2018年9月に開催した「高円寺×阿佐ヶ谷映画祭」。高円寺から阿佐ヶ谷までの高架下の空き店舗や空き倉庫などを活用し、7会場で12作品以上を上映。まめくらしは企画と運営を担当し、高円寺アパートメントの住人もスタッフとして参加(提供:すべて高円寺アパートメント)。
高円寺アパートメントが開かれて4年。実は周辺の相場より家賃が高めでありながら、常に満室をキープしています。

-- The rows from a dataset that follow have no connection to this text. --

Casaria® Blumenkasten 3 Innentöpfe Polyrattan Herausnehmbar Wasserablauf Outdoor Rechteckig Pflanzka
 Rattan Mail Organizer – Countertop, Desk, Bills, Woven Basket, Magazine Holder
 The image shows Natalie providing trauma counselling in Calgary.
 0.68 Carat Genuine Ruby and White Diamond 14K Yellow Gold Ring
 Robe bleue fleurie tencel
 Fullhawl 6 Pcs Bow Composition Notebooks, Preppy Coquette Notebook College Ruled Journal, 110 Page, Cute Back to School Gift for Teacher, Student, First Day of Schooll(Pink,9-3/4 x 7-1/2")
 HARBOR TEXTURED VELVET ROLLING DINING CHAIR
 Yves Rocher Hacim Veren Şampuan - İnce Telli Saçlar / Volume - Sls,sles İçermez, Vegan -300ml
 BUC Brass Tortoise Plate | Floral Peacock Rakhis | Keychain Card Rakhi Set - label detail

「新築の時がピークでそこからは経年劣化を理由に価格が下がっていくのが、賃貸住宅市場の常識とされていますが、高円寺アパートメントの場合、時間をかけて育まれるコミュニティこそがより大きな価値になっています」
最初はひとりだった未就学児の数も、今では9人まで増え、同世代の子どもを持つ親同士がおしゃべりをしたり、お下がりを譲り合ったり。さらには災害時等に親が保育園等に子どもを迎えに行けない場合には入居者が代理で駆けつけられるようにと、代理人としての証明カード(学校や保育機関が事前に発行)を女将含め数人が持っているそう。協力して子どもたちを守るという役割を担うという関係性も育まれています。核家族化が進むなかでも助け合いのコミュニティがあれば、セーフティネットになる。
「ゆくゆくは家族が増えたり、子どもが成長して家が手狭になったりして、高円寺アパートメントから転居せざるをえない住人も出てくるはず。そんな時に、また何の繋がりもない場所に暮らすより、この近くで暮らしながらここでの関係性を育むことを選択肢にできたら素敵だと思うんです。だから、今度は、近隣にある物件をリノベーションしてファミリー向けの賃貸住宅をつくりたいと思っています」(宮田さん)
自らも住人として当事者目線を持ちながら、「育てる」をキーワードに豊かな暮らしの場を醸成してきた宮田さん。主体性を育むうえで大切なのは、関わる余白をつくることと、強制せず見守ること。住人たちの間に芽生えた小さな芽は、やがて木となり、豊かな人間関係を育む森をつくっていく。宮田さんは、そんな世界を高円寺アパートメントから地域まで広く描こうとしています。